ARM-software / armnn

Arm NN ML Software. The code here is a read-only mirror of https://review.mlplatform.org/admin/repos/ml/armnn
https://developer.arm.com/products/processors/machine-learning/arm-nn
MIT License
1.14k stars 307 forks source link

GpuAcc: only the last created TFLite interpreter/delegate works fine #703

Closed kalesony closed 1 year ago

kalesony commented 1 year ago

We're trying to integrate ARM NN into our Android C++ project. We want to start with the TFLite delegate path.

The key issue here is that if you create multiple TFLite interpreters with ARM NN GpuAcc delegate. store them first and try to execute them later, only the last created interpreter works fine. We were able to reproduce that even when creating two interpreters from the same model file. CpuAcc delegates work fine.

Here is a diff with modifications that need to be applied to armnn/tests/ExecuteNetwork/ExecuteNetwork.cpp (base armnn revision: d625f5e). This tiny change makes ExecuteNetwork create and run two Executors instead of one.

We were able to achieve the same result using an SSD detector from Mediapipe: https://storage.googleapis.com/mediapipe-assets/ssdlite_object_detection.tflite.

The built modified ExecuteNetwork exec is deployed along with its standard dependencies and the TFLite model file, run on an Android device using ./ExecuteNetwork -m ssdlite_object_detection.tflite -c GpuAcc -T delegate and yields ERROR: Node number <number> (TfLiteArmNnDelegate) failed to invoke. model invocation error for the first Executor.

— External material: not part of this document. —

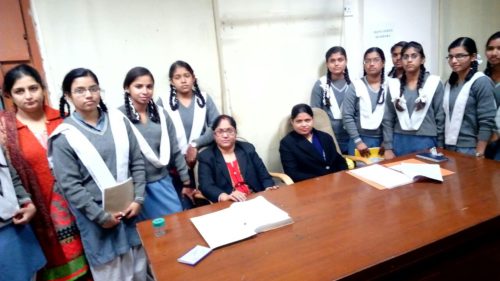 Visit of School Students, Sarvodaya Kanya Vidhyalaya, Anand Vihar, Delhi in the Courts of DLSA Shahdara for observing proceedings of Courts on dt. 15.12.2016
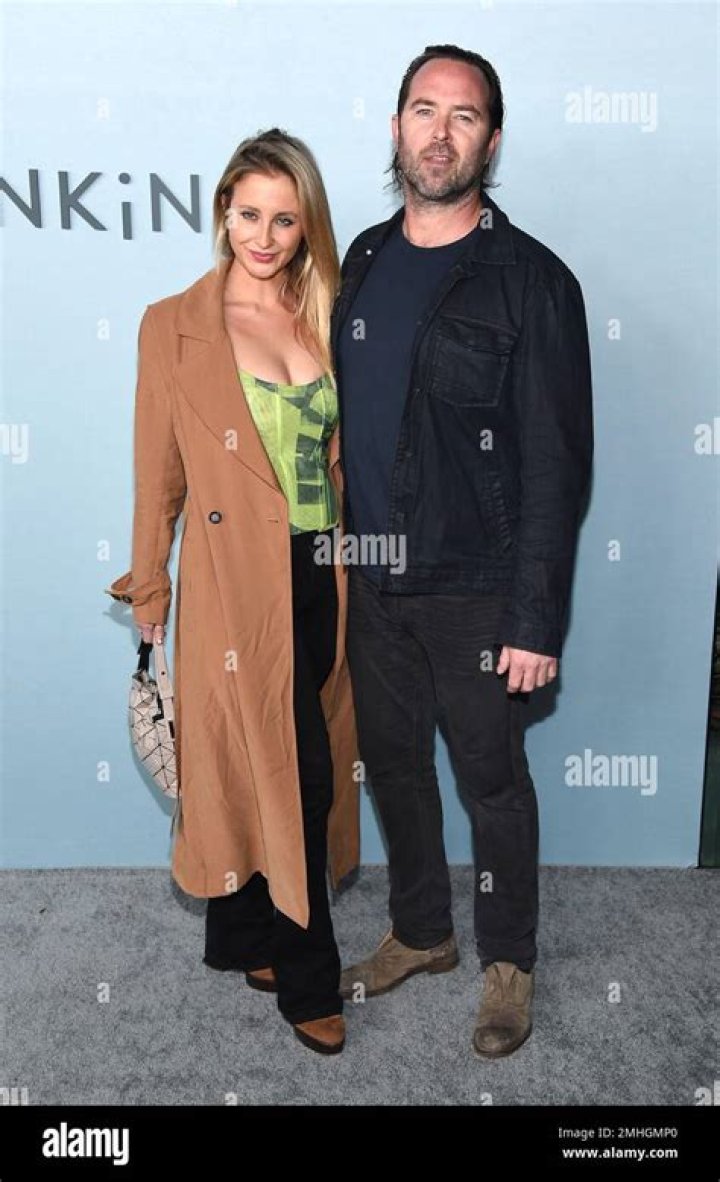 Is Sullivan Stapleton married to Jaimie Alexander?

MikeJKelly commented 1 year ago

Hi @kalesony

thank you for reporting this issue, I'm trying to recreate it now and hope to have some information soon.

Best regards, Mike

MikeJKelly commented 1 year ago

Hi @kalesony

I was able to recreate the issue, the root of the problem is that the two Executors use two different armnn_delegates which in turn use two different IRuntime's and somehow that's causing the earlier Executors to clear something in OpenCL Context so that the CL Workloads return the following (the Model's execution does not bomb out when using the delegate but it does abort with an error when using our TFLite parser):

Error: An error occurred attempting to execute a workload: CL error: clEnqueueNDRangeKernel. Error code: -34 at function Execute [/home/mickel01/devr/devenv/armnn/src/backends/cl/workloads/ClConvolution2dWorkload.cpp:158 

Error code 34 is CL_INVALID_CONTEXT. I'm currently looking at the lifecycle of the IRuntime's being used and trying to figure out the best way of not having this happen.

Best regards, Mike

MikeJKelly commented 1 year ago

Hi @kalesony

I've created a patch that should resolve this issue for you: https://review.mlplatform.org/c/ml/armnn/+/8673

It has been merged to main and it applies cleanly to the revision you're using, can you try it out and let us know if it works? Thanks!

Best regards, Mike

kalesony commented 1 year ago

Hey @MikeJKelly

Yes, it works now, thanks a lot :).